*Action item*. The material below holds pictures; leave them out and reproduce exactly the lines from the one with "Hub, Switch &" through the one with "Trump yamaganiwe kure", inclusive.

*Supplied information*.
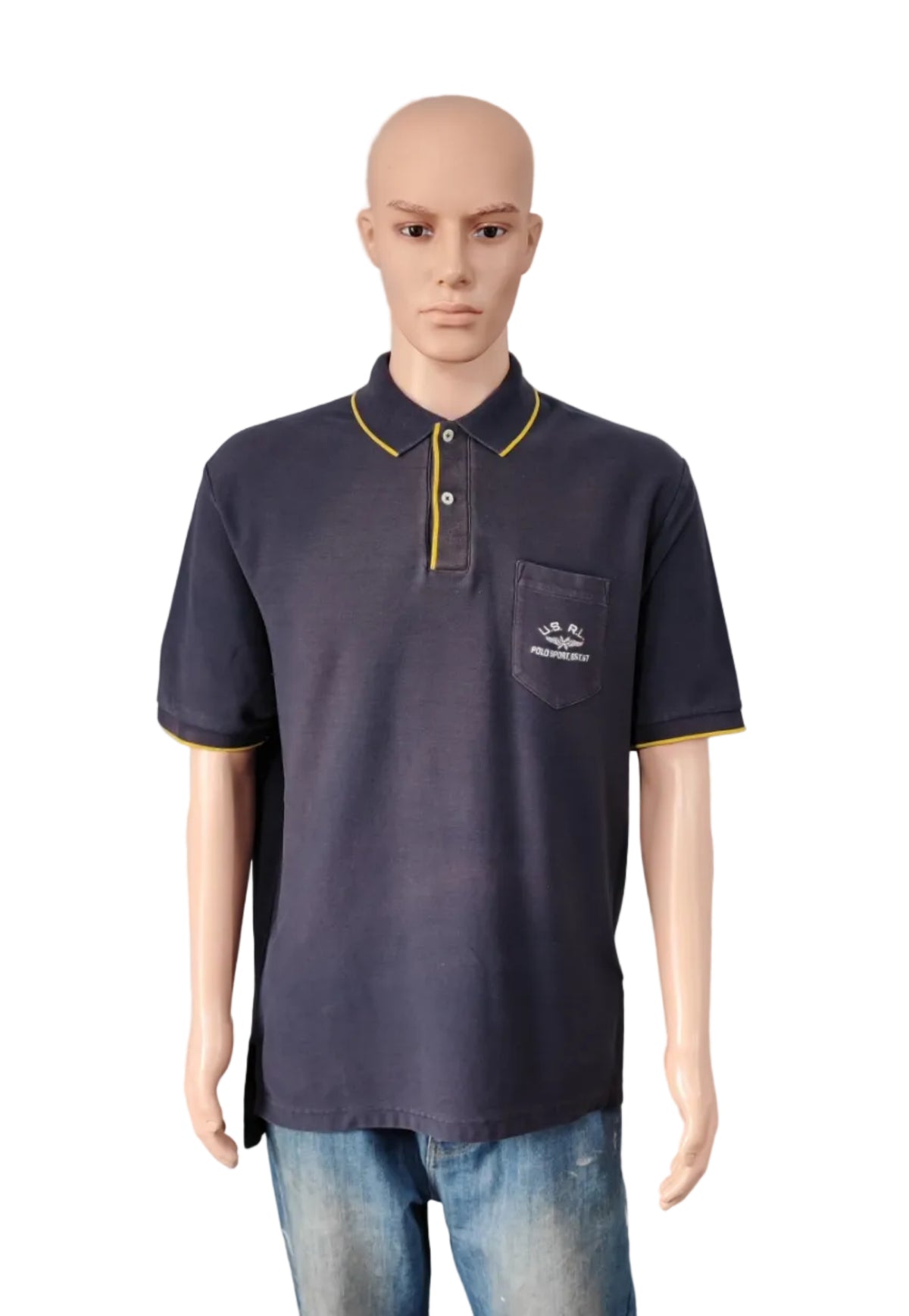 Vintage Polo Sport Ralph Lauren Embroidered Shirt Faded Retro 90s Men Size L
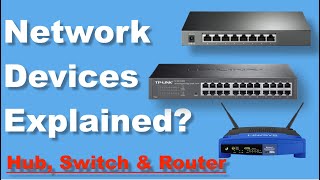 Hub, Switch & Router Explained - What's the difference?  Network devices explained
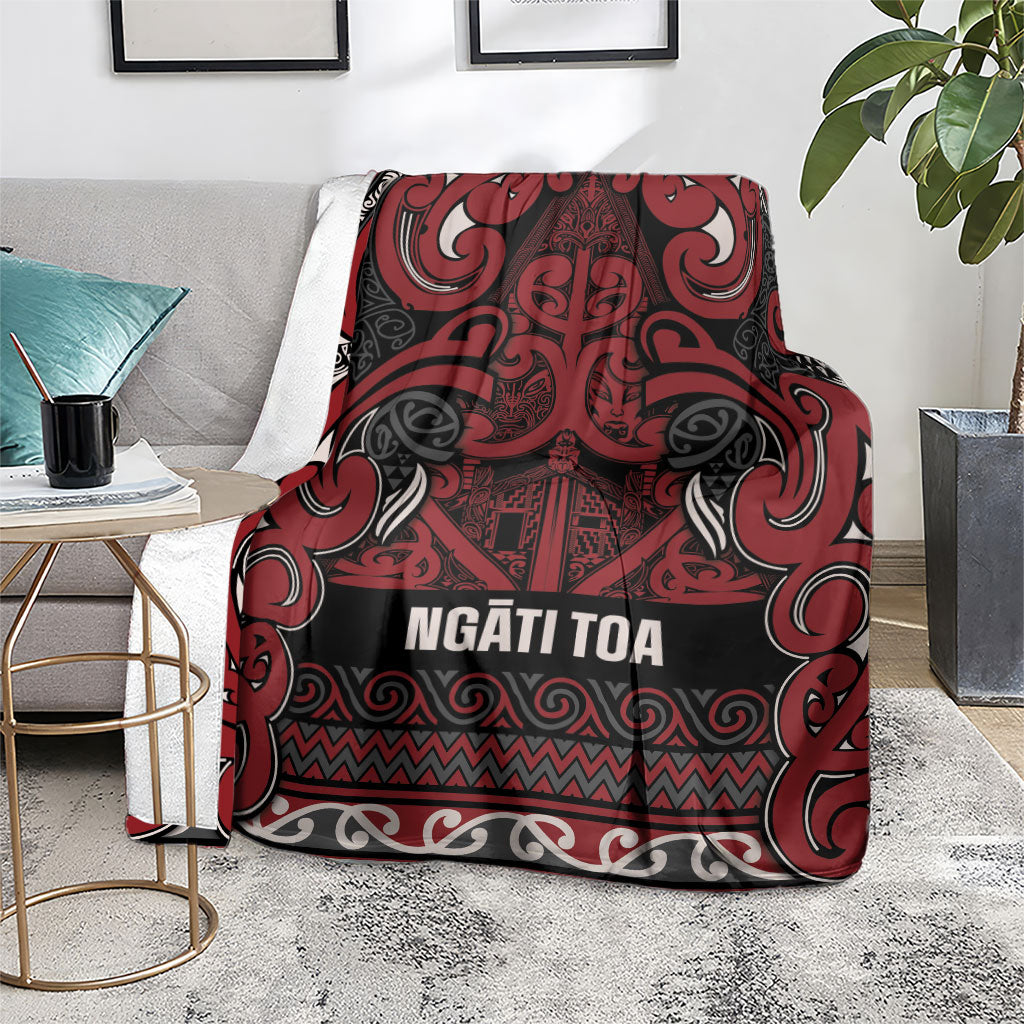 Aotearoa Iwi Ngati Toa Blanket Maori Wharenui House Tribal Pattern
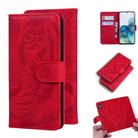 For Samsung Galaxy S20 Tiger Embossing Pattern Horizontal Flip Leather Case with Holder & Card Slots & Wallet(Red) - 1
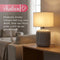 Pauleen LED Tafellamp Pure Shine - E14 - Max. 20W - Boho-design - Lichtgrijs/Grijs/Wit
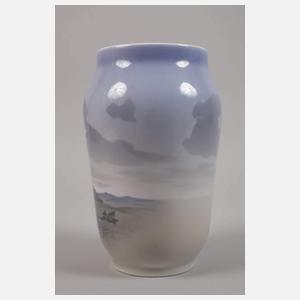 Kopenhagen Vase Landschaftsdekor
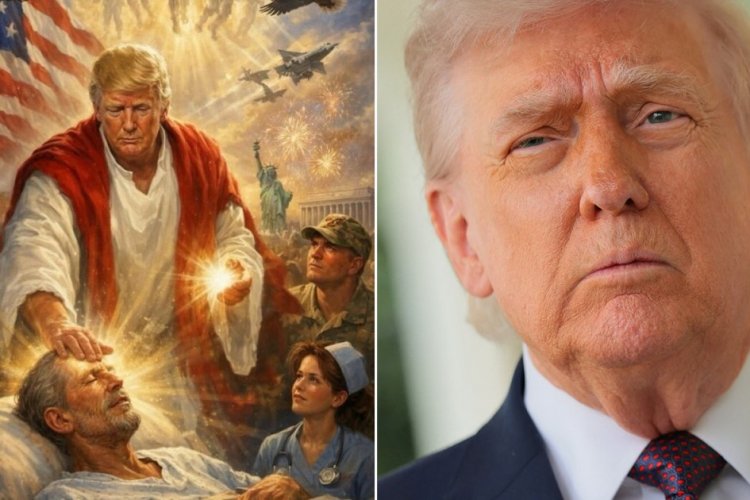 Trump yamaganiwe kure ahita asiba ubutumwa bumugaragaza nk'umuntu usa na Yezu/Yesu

---

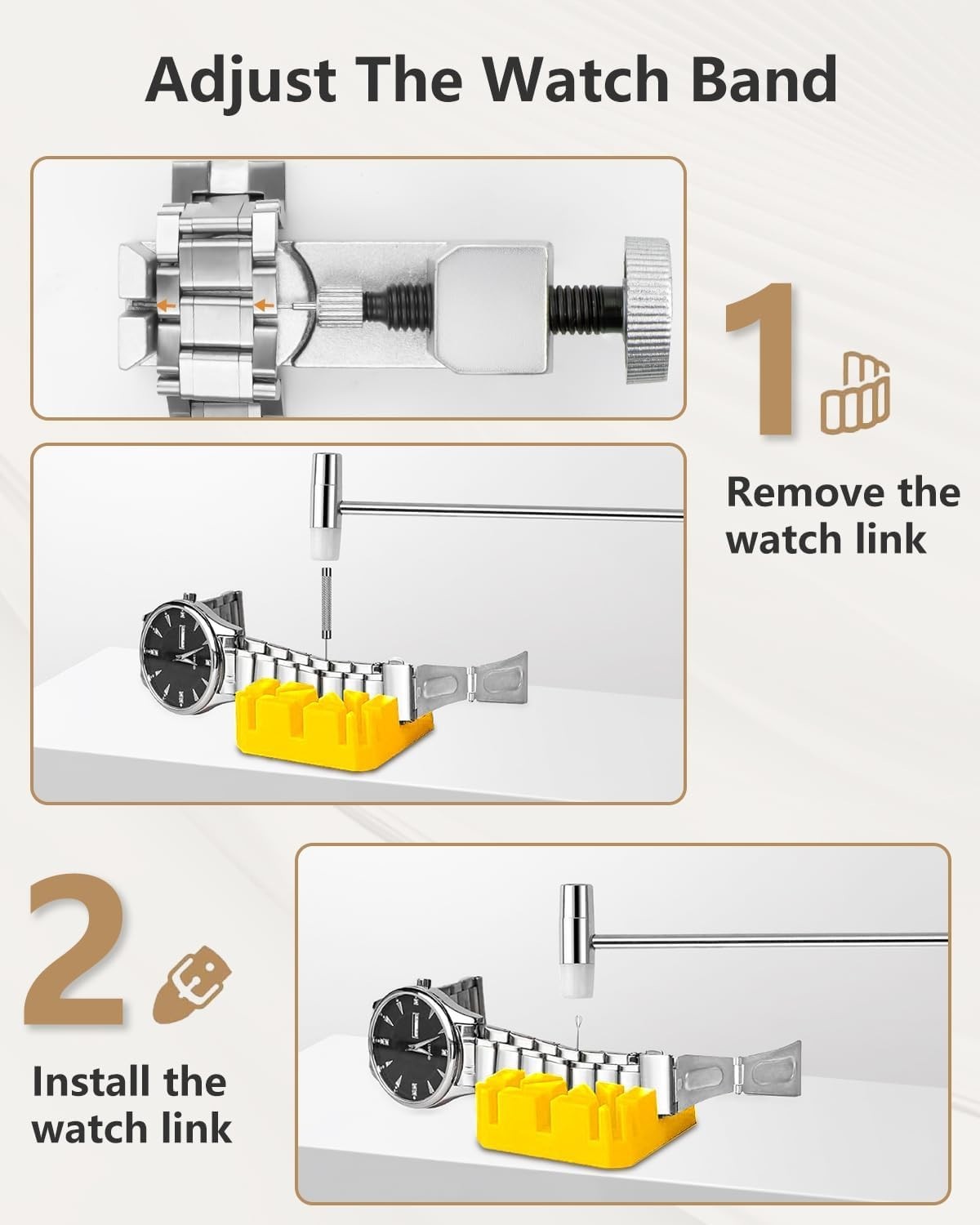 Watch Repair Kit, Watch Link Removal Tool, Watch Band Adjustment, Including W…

==

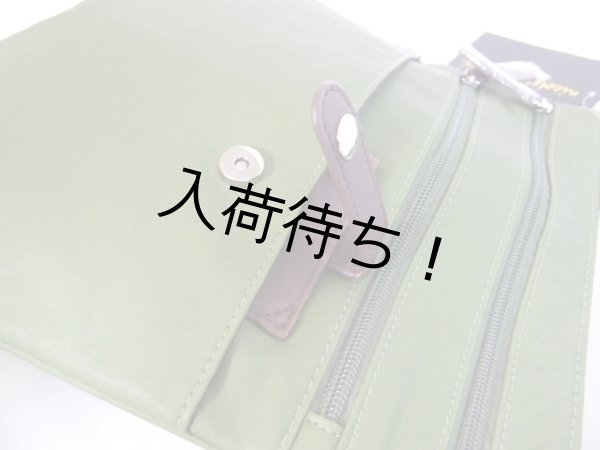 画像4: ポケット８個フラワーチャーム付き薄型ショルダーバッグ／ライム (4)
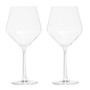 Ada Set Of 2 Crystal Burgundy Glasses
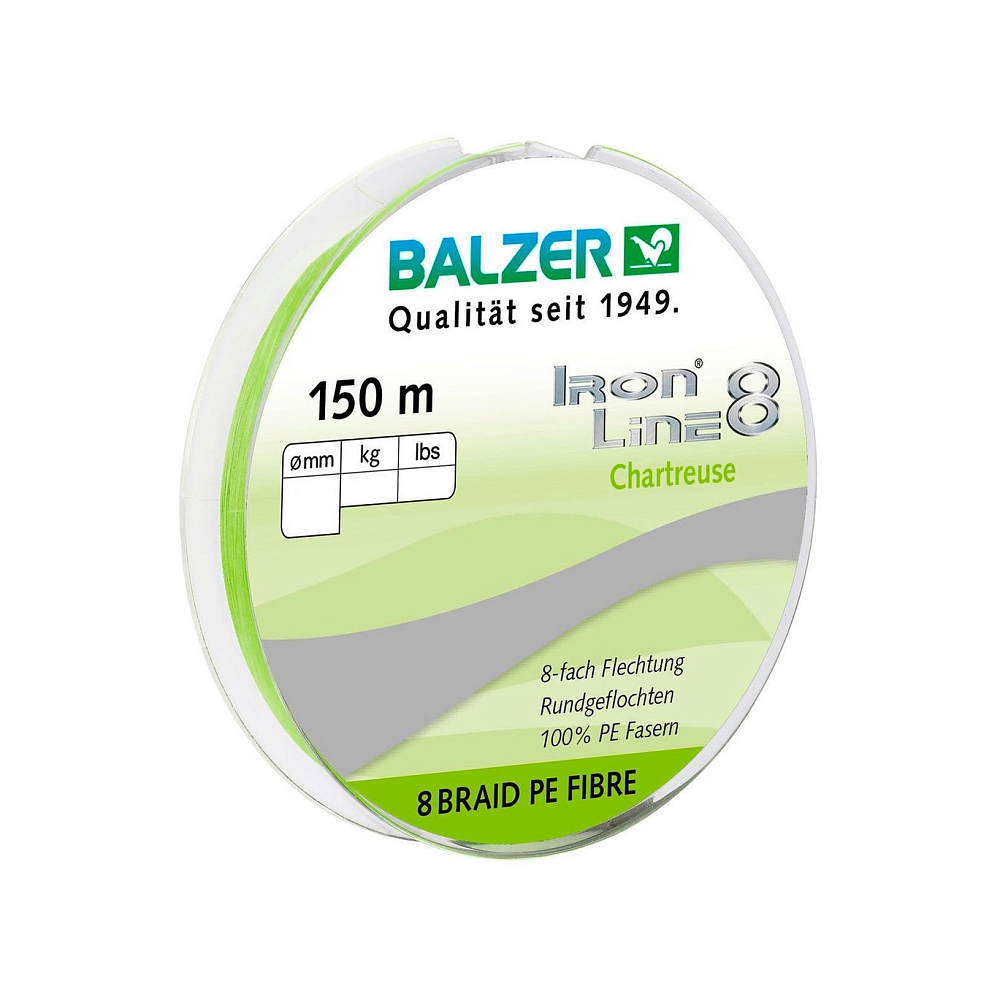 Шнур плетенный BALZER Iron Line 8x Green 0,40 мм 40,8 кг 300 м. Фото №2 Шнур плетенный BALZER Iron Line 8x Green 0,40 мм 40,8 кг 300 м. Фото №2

*Solution*.
 Hub, Switch & Router Explained - What's the difference?  Network devices explained
 Aotearoa Iwi Ngati Toa Blanket Maori Wharenui House Tribal Pattern
 For Samsung Galaxy S20 Tiger Embossing Pattern Horizontal Flip Leather Case with Holder & Card Slots & Wallet(Red) - 1
 Pauleen LED Tafellamp Pure Shine - E14 - Max. 20W - Boho-design - Lichtgrijs/Grijs/Wit
 Kopenhagen Vase Landschaftsdekor
 Trump yamaganiwe kure ahita asiba ubutumwa bumugaragaza nk'umuntu usa na Yezu/Yesu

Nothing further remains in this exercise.